[Adding Sebastian, dev@ceph.io]
Some things to improve with the OSD create path!
On Mon, 20 Jan 2020, Yaarit Hatuka wrote:
> Here are a few Insights from this debugging process - I hope I got it right:
>
> 1. Adding the device with "/dev/disk/by-id/...." did not work for me, it
> failed in pybind/mgr/cephadm/module.py at:
> https://github.com/ceph/ceph/blob/master/src/pybind/mgr/cephadm/module.py#L1241
> "if len(list(set(devices) & set(osd['devices']))) == 0"
> because osd['devices'] has the devices listed as "/dev/sdX", but
> set(devices) has them by their dev-id.... (which is the syntax specified as
> the example in the docs, which I followed).

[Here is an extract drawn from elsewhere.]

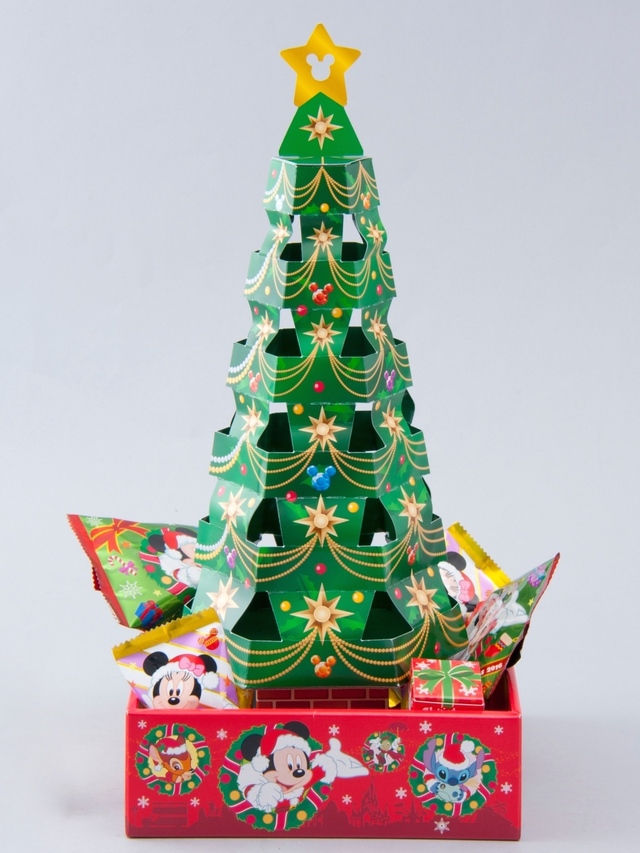 菓子詰め合わせツリーBOX ¥1,400｜東京ディズニーリゾートのクリスマス（2016年）TDL/TDS共通スペシャルグッズ
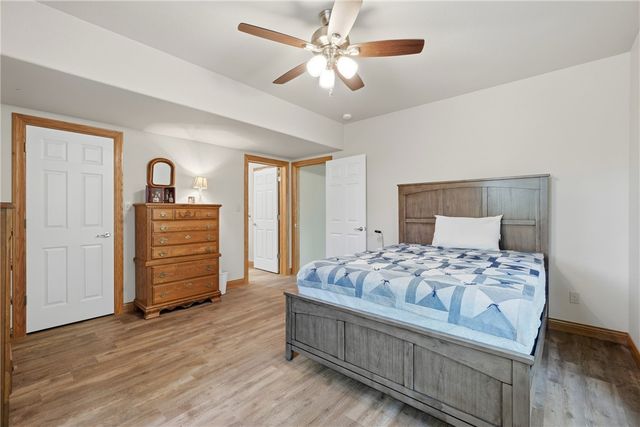 40 Twin Peak Drive, Holiday Island, AR 72631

> It took me a couple of days to debug this :-)
>
> 2. I think that cephadm should be more verbose by default. When creating
> OSD it only writes "Created osd(s) on host 'mira027.front.sepia.ceph.com'"

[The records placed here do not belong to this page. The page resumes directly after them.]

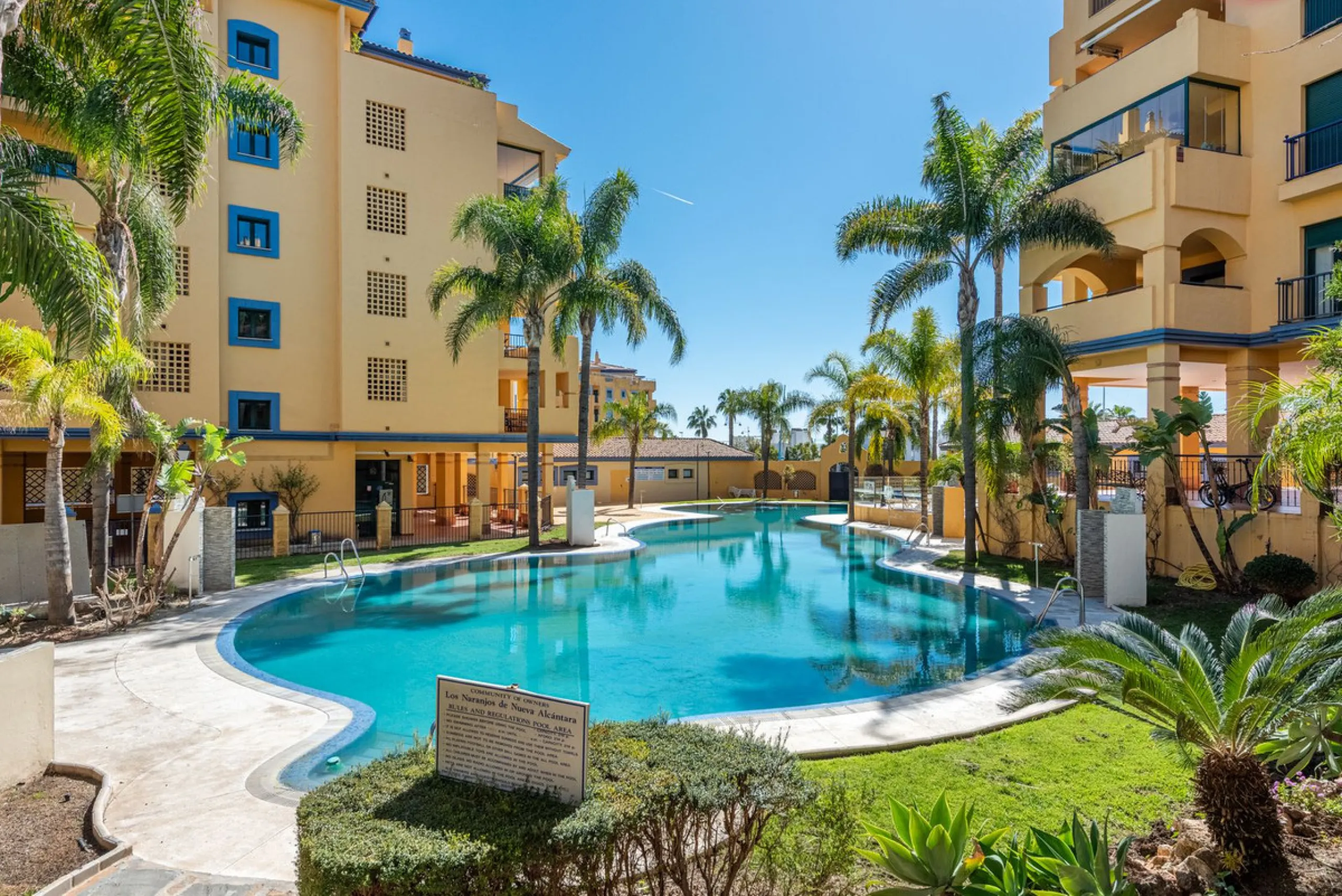 Beachside Apartment in the Heart of San Pedro!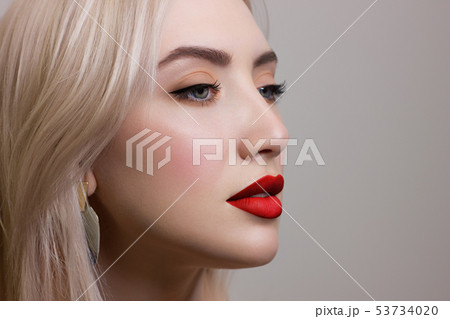 Close-up portrait of a beauty woman with straight 53734020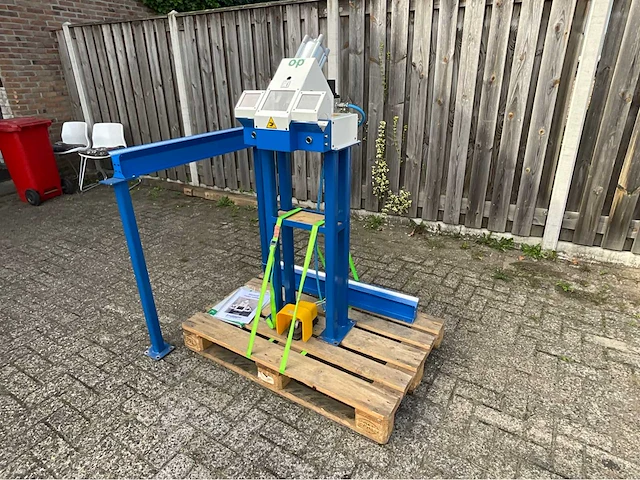 O+p - 2019 - slangenknipmachine - afbeelding 3 van  10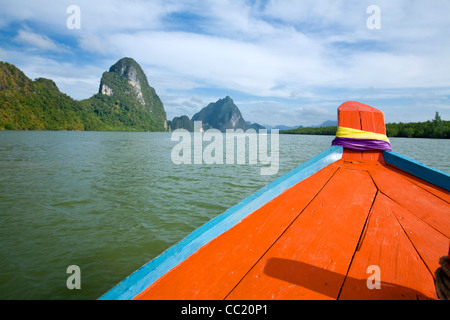 Le isole della Baia di Phang-Nga il Parco Marino Nazionale visto da una barca dalla lunga coda. Phang-Nga, Thailandia Foto Stock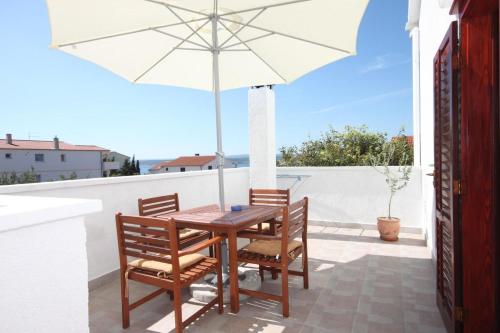  Apartment Maslenica 6548b in 23243 Jasenice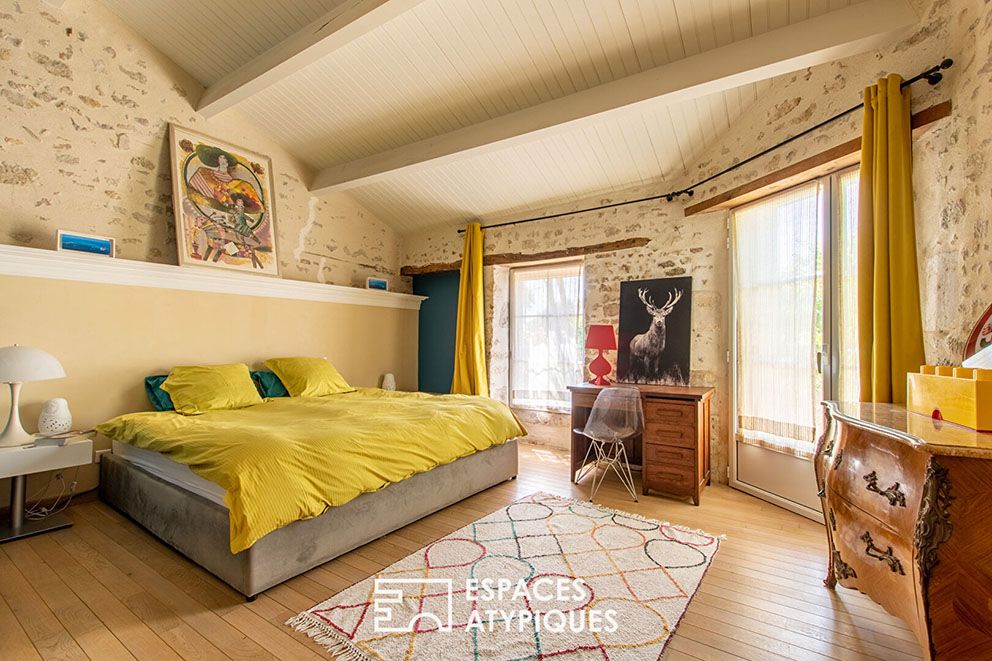 Maison de campagne meublée dans un style éclectique français et pop art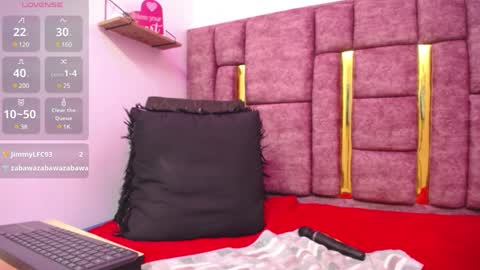 Snapshot of crystaltemptress chatting on 02.28.25 ASHLEY online show from 02.28.25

> (even in case creation failed...). It will help if it outputs the different
> stages so that the user can see where it stopped in case of error.
>
> 3. ceph status shows that the OSD was added even if the orchestrator failed
> to add it (but it's marked down and out).
IIUC this is ceph-volumes failure path not cleaning up? Is this the
failure you saw when you passed the /dev/disk/by-id device path?
It seems like ceph-volume completed successfully all this time, but since I always passed /dev/disk/by-id and not /dev/sdX to 'ceph orchestrator osd create', this intersection was always empty:
set(devices) & set(osd['devices']) [1]
The other part of the condition was also true, so the 'continue' happened all the time.
Therefore the orchestrator does not even try to:
self._create_daemon('osd',...) [2]
Not sure why the OSD count is incremented, though.